En dat was niet gemakkelijk want Woody vond en vindt het werk niets aan. Hij had net twee jaar in New York doorgebracht en alles gezien en gedaan wat god verboden had. Weer thuis in Rotterdam wilde hij meteen als een bezetene aan het werk, maar veel tijd ging op aan dit kunstwerk wat naar zijn mening een beetje een flauw werk is, met te weinig expressie en diepgang; welk verhaal verteld het nu precies, welke dubbele lagen zitten erin? Behalve het gezin – of kind met vader en moeder? – is er ook een vogel te zien, heeft dat nog enige betekenis?
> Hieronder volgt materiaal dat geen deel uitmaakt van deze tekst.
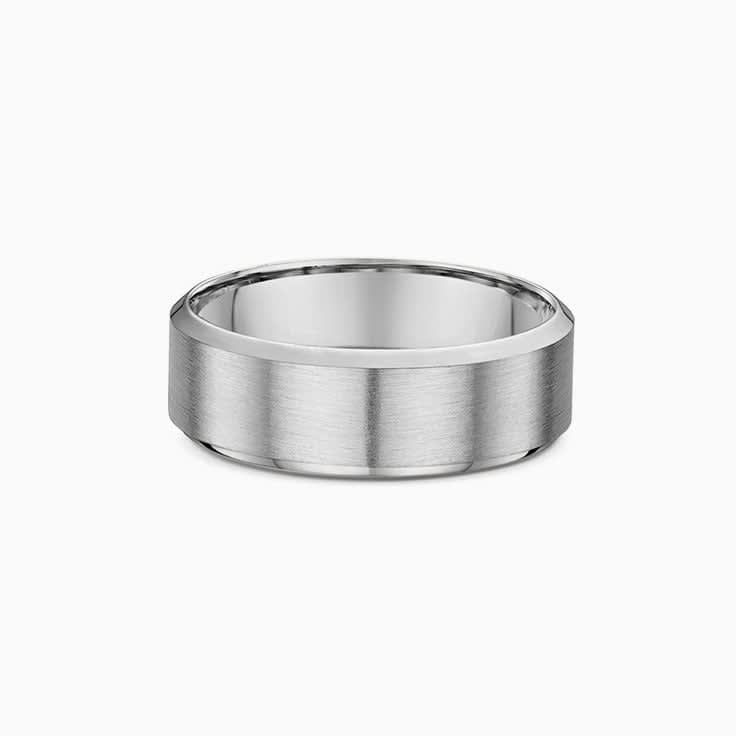 4mm Bevel in Platinum 600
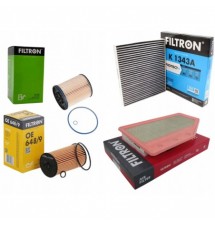 ZESTAW FILTRÓW POWIETRZE OLEJ KABINA PALIWO OPEL...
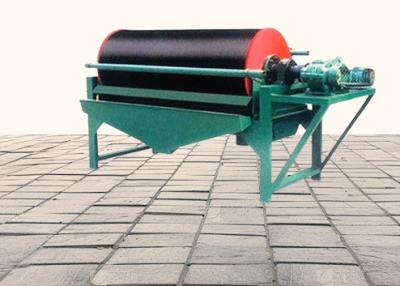 China Automatic Permanent Wet Drum Magnetic Separator Of 200-2000mm Diameter for sale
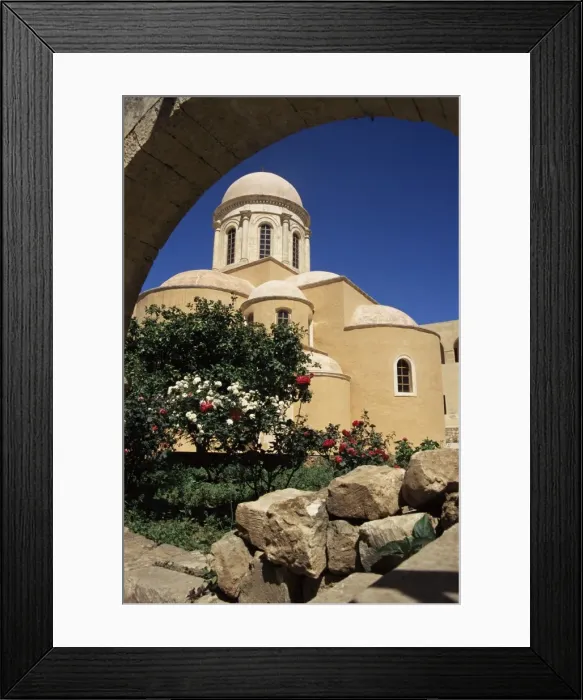 Framed Print : Ayia Triadha Framed Print : Ayia Triadha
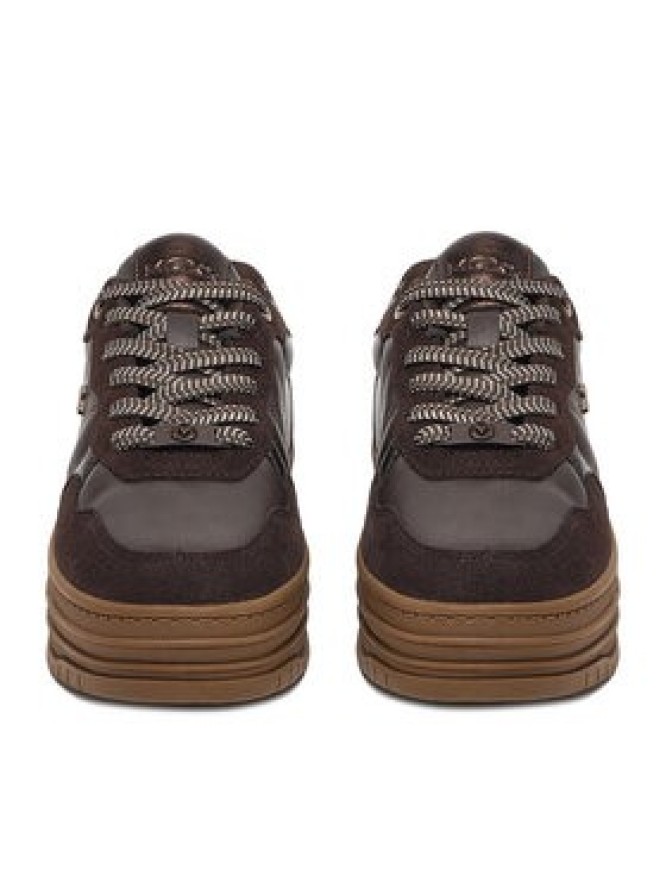 MEXX Sneakersy EO-MI001006463W Brązowy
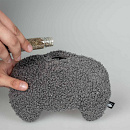 D&D I Love Happy Cats Trappelkussen Zoran Grijs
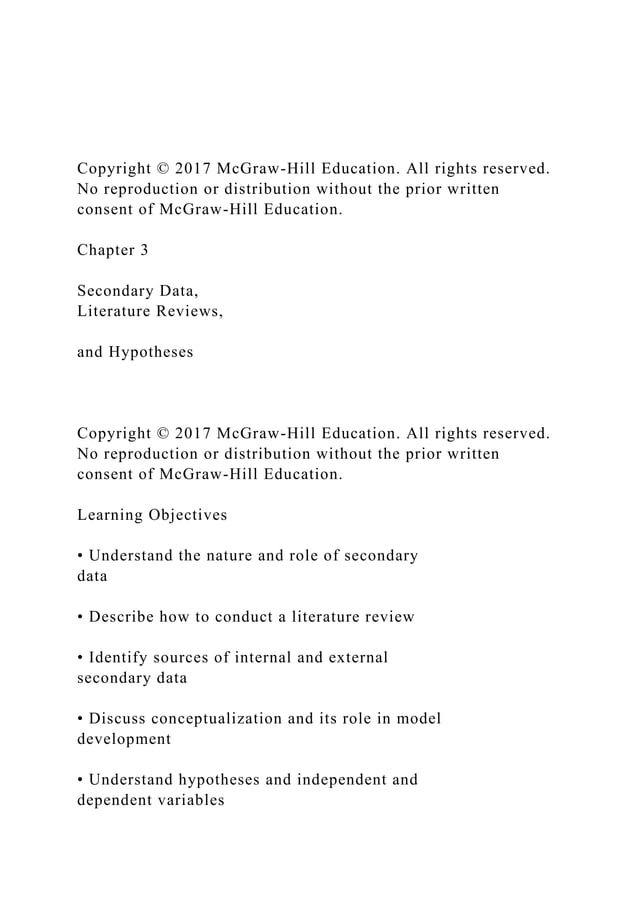 Copyright © 2017 McGraw-Hill Education. All rights reserved. N.docx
Woody heeft het zich altijd afgevraagd en er nooit een antwoord op gevonden. Het andere werk van Louis beschouwt hij als gelaagder en soms zelfs mystiek of sprookjesachtig. Het valt hem op dat ook nu nog weinig mensen het kunstwerk kennen; ondanks de prominente plek, op een grote drukke kruising waar je vaak wacht op een stoplicht, lopen mensen er gemakkelijk aan voorbij.

Aan het einde van het gesprek vraagt Woody ons wat we van de Coolsingel vinden en hij probeert er zo uitdrukkingsloos mogelijk bij te kijken. Ons toch wel positieve antwoord over het gebruik en de uitstraling viel bij Woody niet per se in goede aarde. Was dit nu de aanjager van een wereldstad? Maak je met keurig straatwerk en koddige lantarens een boulevard van de 21e eeuw? Woody zit meer op de lijn van Carel Weeber. Een stad is pas een stad als deze overvloedig behangen is met lichtreclames en neon. Als ultieme uitdrukking van levenslust, intensiteit en natuurlijk het nachtleven. Het zogenaamde ‘laadvermogen van de stad’… Die twee jaar in New York maakt duidelijk nog tot in lengte van dagen indruk.